Он требовал, чтобы все подчинялись его привычкам и разделяли его вкусы; в этом отношении он часто бывал настоящим деспотом. На обедах у него водку разливали по чинам; один офицер усмехнулся такому порядку; Суворов прогнал его из-за стола, хотя это был честный, всеми уважаемый служака. Другой не произнес после предобеденной молитвы «аминь», — его вовсе обнесли водкой. Вдобавок, Суворов осыпал прогневивших его градом сарказмов, на которые он был великий мастер. Одному полковнику красивой внешности он дал ставшую крылатой характеристику:
— Он храбр в Амазонском полку.
Увидя табакерку с портретом ненавистного ему человека, он воскликнул:
— Зачем не изобразил его художник спящим! Во сне и тигр добр!
Вообще, с окружающими он не церемонился. Своему начальнику штаба, Ивашеву, он как-то велел петь рождественские гимны:
— Я возьму себе первый бас, а ты — второй.
Ивашев в ужасе доказывал, что не имеет голоса и вовсе не знает нот, но ничто не помогло; во время службы он орал, что придет в голову, и тем доставил, видимо, совершенное удовольствие своему патрону.

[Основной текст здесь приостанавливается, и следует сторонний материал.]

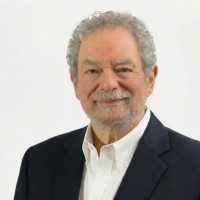 Jerome Katz Email & Phone Number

В период итальянской кампании Суворов приказал одному провинившемуся генералу надеть солдатскую форму и стать с полной выкладкой на два часа перед его палаткой.
Но все это было несерьезно; это походило на капризы и гнев ребенка. В серьезных случаях Суворов, напротив, проявлял неизменную снисходительность. Он почти никогда не отдавал под суд; одного своего офицера, проигравшего в Варшаве казенные деньги, он не только не привлек к суду, но уплатил за него растраченную сумму; когда Павел I хотел сместить генерала Розенберга, потерпевшего по собственной оплошности поражение при Бассиньяно, Суворов заступился за Розенберга.
— Заранее учись прощать ошибки других и не прощай никогда собственных, — часто повторял он.
Окружающие знали его отходчивость, доверчивость и житейскую неопытность и часто использовали их в своих интересах. Управители обкрадывали его или разоряли своей леностью и небрежностью; ад’ютанты опутывали его сетью взаимных интриг, подсказывали ему пристрастное распределение наград, играли на всех его слабых струнах, благоразумно не вторгаясь только в чисто военную сферу, где, как им было известно, полководец не терпел ничьего вмешательства.
Вряд ли Суворов не замечал всех ухищрений и плутней, разыгрывавшихся вокруг него. Скорее всего, он просто не придавал им значения, не считал их достойными того, чтобы отвлекаться ради них от военных дел. Иногда он наблюдал за ними с добродушным любопытством. Его управляющий, Матвеич, задержал однажды отсылку коровы, чтобы пользоваться молоком; в другой раз он же долго не отправлял лошадей. Суворов напомнил ему о лошадях — «ведь от них молока нет».